Las protestas policiales no son buenas...
De vez en cuando aparece un gracioso proponiendo el voto militar. Como es gracioso puede hacer su gracia sin consecuencia. Incluso ignorar que los hombres de uniforme no son deliberativos por mandato de la Constitución.
Lo del voto no se da, aunque puede apostarse peso a morisqueta que en plena campaña se volverá sobre el tema, cuando pudo tratarse en la Ley Electoral.
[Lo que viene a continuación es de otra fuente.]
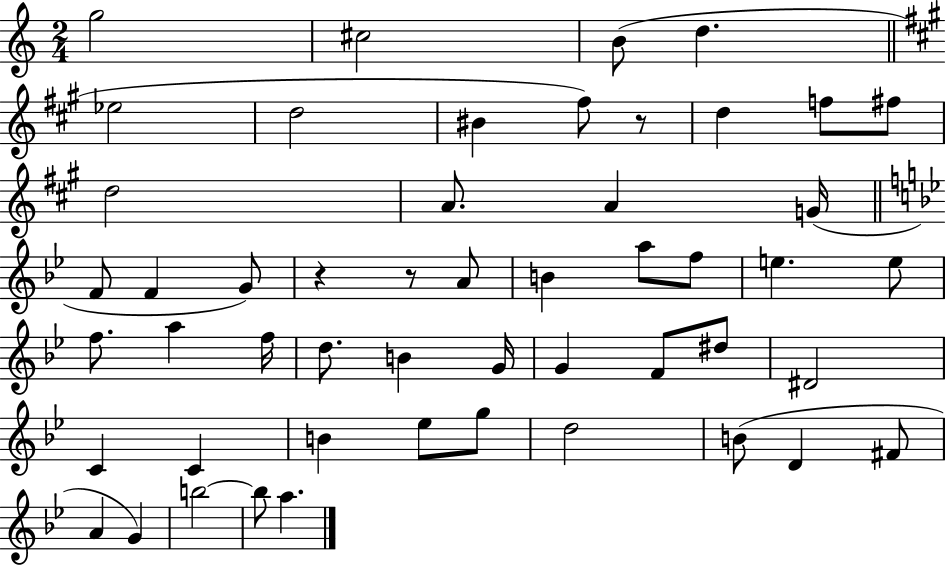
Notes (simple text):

G5/h C#5/h B4/e D5/q. Eb5/h D5/h BIS4/q F#5/e R/e D5/q F5/e F#5/e D5/h A4/e. A4/q G4/s F4/e F4/q G4/e R/q R/e A4/e B4/q A5/e F5/e E5/q. E5/e F5/e. A5/q F5/s D5/e. B4/q G4/s G4/q F4/e D#5/e D#4/h C4/q C4/q B4/q Eb5/e G5/e D5/h B4/e D4/q F#4/e A4/q G4/q B5/h B5/e A5/q. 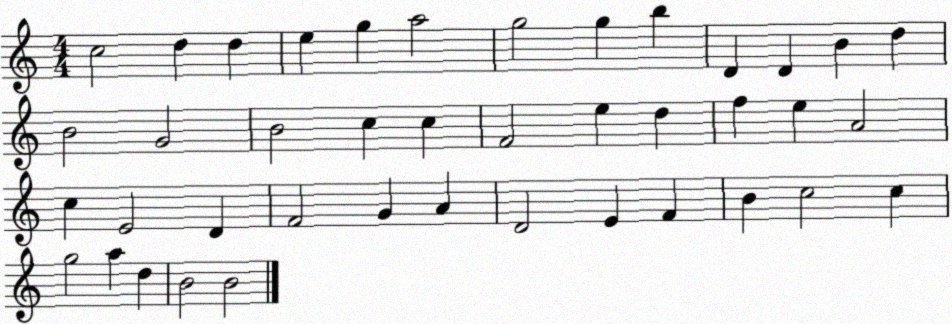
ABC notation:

X:1
T:Untitled
M:4/4
L:1/4
K:C
c2 d d e g a2 g2 g b D D B d B2 G2 B2 c c F2 e d f e A2 c E2 D F2 G A D2 E F B c2 c g2 a d B2 B2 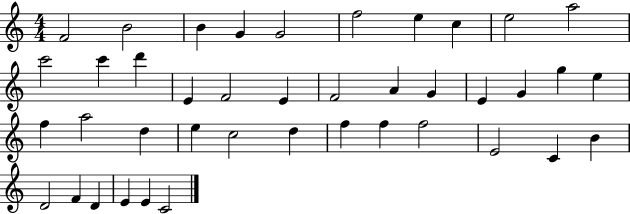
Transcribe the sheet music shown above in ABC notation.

X:1
T:Untitled
M:4/4
L:1/4
K:C
F2 B2 B G G2 f2 e c e2 a2 c'2 c' d' E F2 E F2 A G E G g e f a2 d e c2 d f f f2 E2 C B D2 F D E E C2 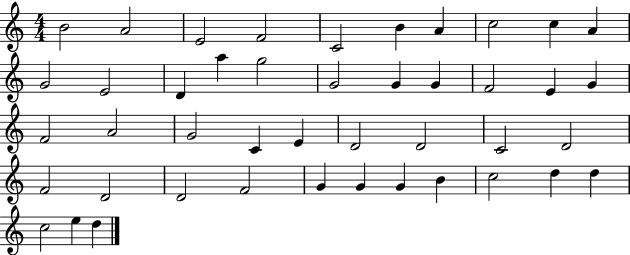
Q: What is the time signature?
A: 4/4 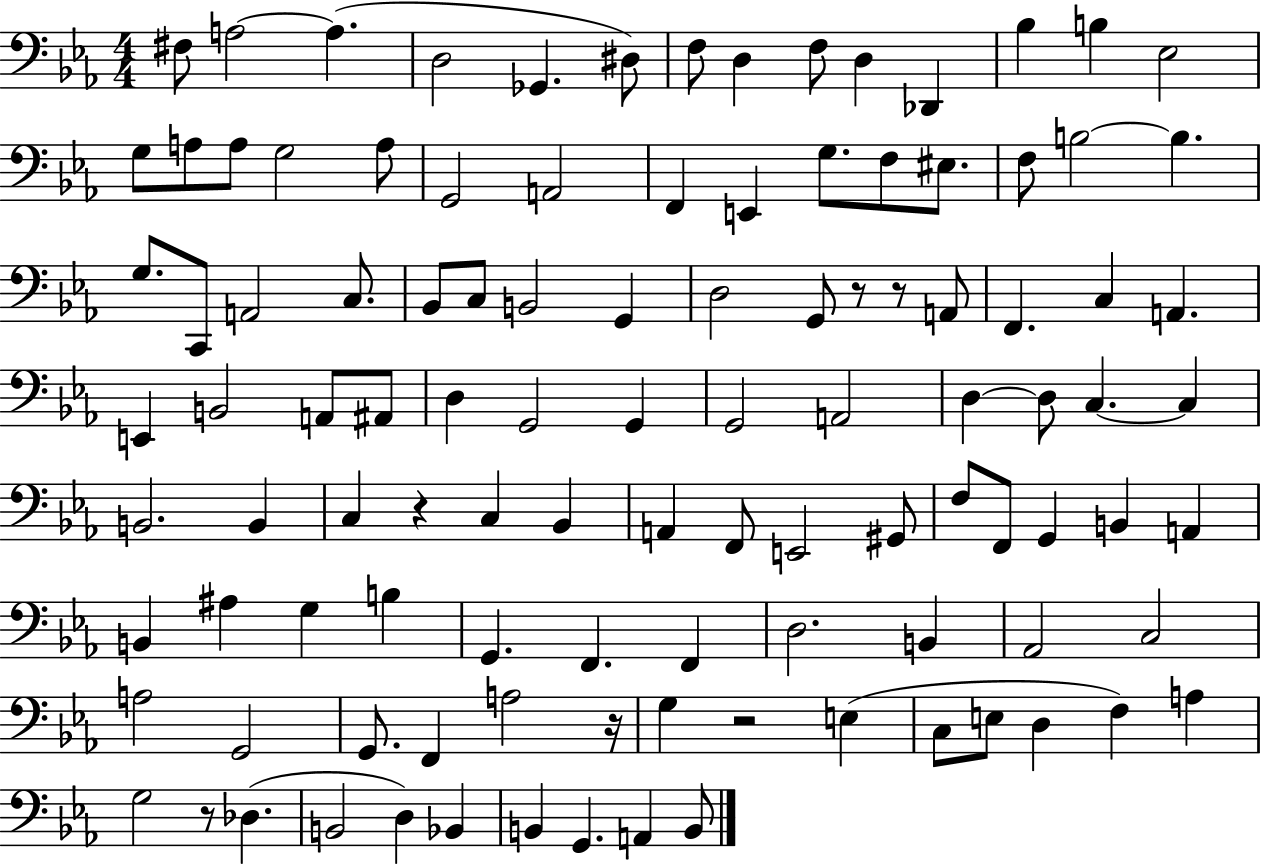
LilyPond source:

{
  \clef bass
  \numericTimeSignature
  \time 4/4
  \key ees \major
  fis8 a2~~ a4.( | d2 ges,4. dis8) | f8 d4 f8 d4 des,4 | bes4 b4 ees2 | \break g8 a8 a8 g2 a8 | g,2 a,2 | f,4 e,4 g8. f8 eis8. | f8 b2~~ b4. | \break g8. c,8 a,2 c8. | bes,8 c8 b,2 g,4 | d2 g,8 r8 r8 a,8 | f,4. c4 a,4. | \break e,4 b,2 a,8 ais,8 | d4 g,2 g,4 | g,2 a,2 | d4~~ d8 c4.~~ c4 | \break b,2. b,4 | c4 r4 c4 bes,4 | a,4 f,8 e,2 gis,8 | f8 f,8 g,4 b,4 a,4 | \break b,4 ais4 g4 b4 | g,4. f,4. f,4 | d2. b,4 | aes,2 c2 | \break a2 g,2 | g,8. f,4 a2 r16 | g4 r2 e4( | c8 e8 d4 f4) a4 | \break g2 r8 des4.( | b,2 d4) bes,4 | b,4 g,4. a,4 b,8 | \bar "|."
} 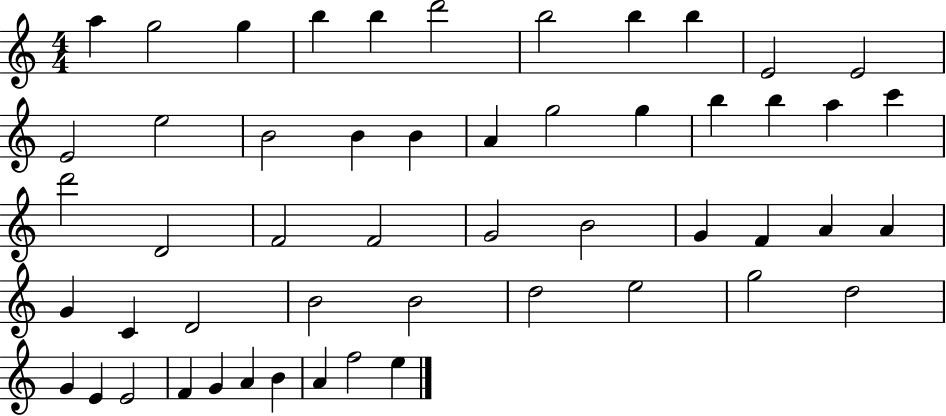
{
  \clef treble
  \numericTimeSignature
  \time 4/4
  \key c \major
  a''4 g''2 g''4 | b''4 b''4 d'''2 | b''2 b''4 b''4 | e'2 e'2 | \break e'2 e''2 | b'2 b'4 b'4 | a'4 g''2 g''4 | b''4 b''4 a''4 c'''4 | \break d'''2 d'2 | f'2 f'2 | g'2 b'2 | g'4 f'4 a'4 a'4 | \break g'4 c'4 d'2 | b'2 b'2 | d''2 e''2 | g''2 d''2 | \break g'4 e'4 e'2 | f'4 g'4 a'4 b'4 | a'4 f''2 e''4 | \bar "|."
} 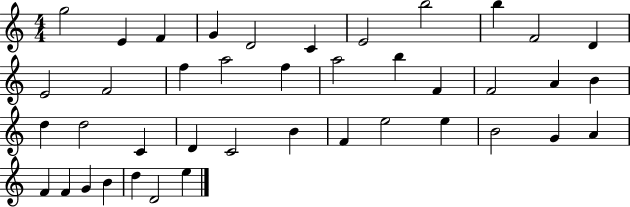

Con lo deliberativo no ocurre lo mismo.
Los policías dan la cara y declaran a la prensa sobre situaciones que les afectan o se valen de las redes de manera eficiente. Un agente que se ganó el mote de cebolla se hizo famoso por asociar el sueldo de los policías con las ganas de llorar. El final suyo no parece ser el mejor, pero fue gracioso de ocasión. Igual sucede con los últimos ascensos.
Los excluidos reclamaron y de manera que se enterara la opinión pública, y una joven subida de rango debió salir a defender su beneficio.
Tuvo que deliberar.
Dirán que es un avance y que la democracia sale ganando, pero habría que hacer paso y repaso porque posiblemente la disciplina y la institucionalidad salgan perdiendo.
Lo aparente o bello tuvo que explicar.